I was about to finish focusing the main camera when a hurricane of wind hit. It kept worsening.
It was impossible to focus when the stars were jiggling blobs. I took several views of 320 seconds each, just to see if the guider worked. They showed smears of light in the identical places, meaning the guider somehow managed to keep locked on.
The Milky Way stretched across nearly the entire sky, showing dark dust lanes. I picked out constellations and waited for the wind to stop.

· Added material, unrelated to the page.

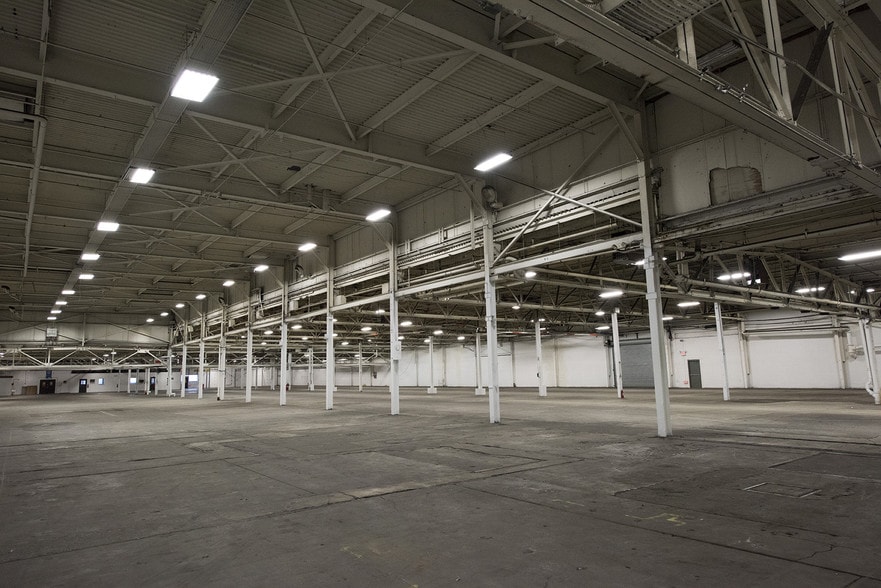 More Photos Of 122 Mill Rd, Oaks Warehouse For Lease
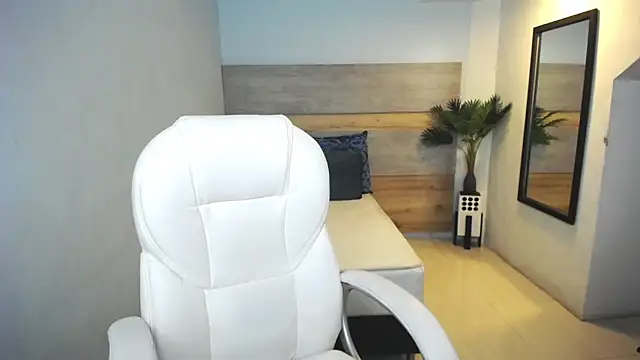 Snapshot of liseth_fox chatting on January 13, 7:53 pm liseth fox online show from January 13, 7:53 pm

I called Patrick Wiggins, NASA solar system ambassador to Utah, who was driving home from a public star party, and asked him to check a weather page on the Internet. He said the air was still where he was, near the Great Salt Lake. I was dozing in the Jeep when he called back and told me that at Knolls a wind of 8-10 mph apparently was supposed to last all night. I felt certain it was far wilder than that, maybe 30 mph. The Jeep rocked and shook.
In the morning there was an ORV accident in the BLM reserve beyond my camp, and several emergency vehicles went up the road toward it. An hour or so later, while I was loading my equipment into the Jeep, an ambulance and fire-fighting vehicle returned. A white pickup truck with BLM decals stopped and a ranger walked over to chat with me. She said a fellow had tried a jump on his motorcycle, was thrown and broke his hip. He was airlifted out, though I had not seen the helicopter.
She had been to a SLAS star party and I advised her to join the society.
The following night turned out clear and peaceful. But it would not do to take off for a fourth night, and I was exhausted.
Now August’s new moon period is over. The half-illuminated disk hangs above, shining malevolently. The next new moon will be on Sept. 8, with summer’s balmy weather going fast or gone.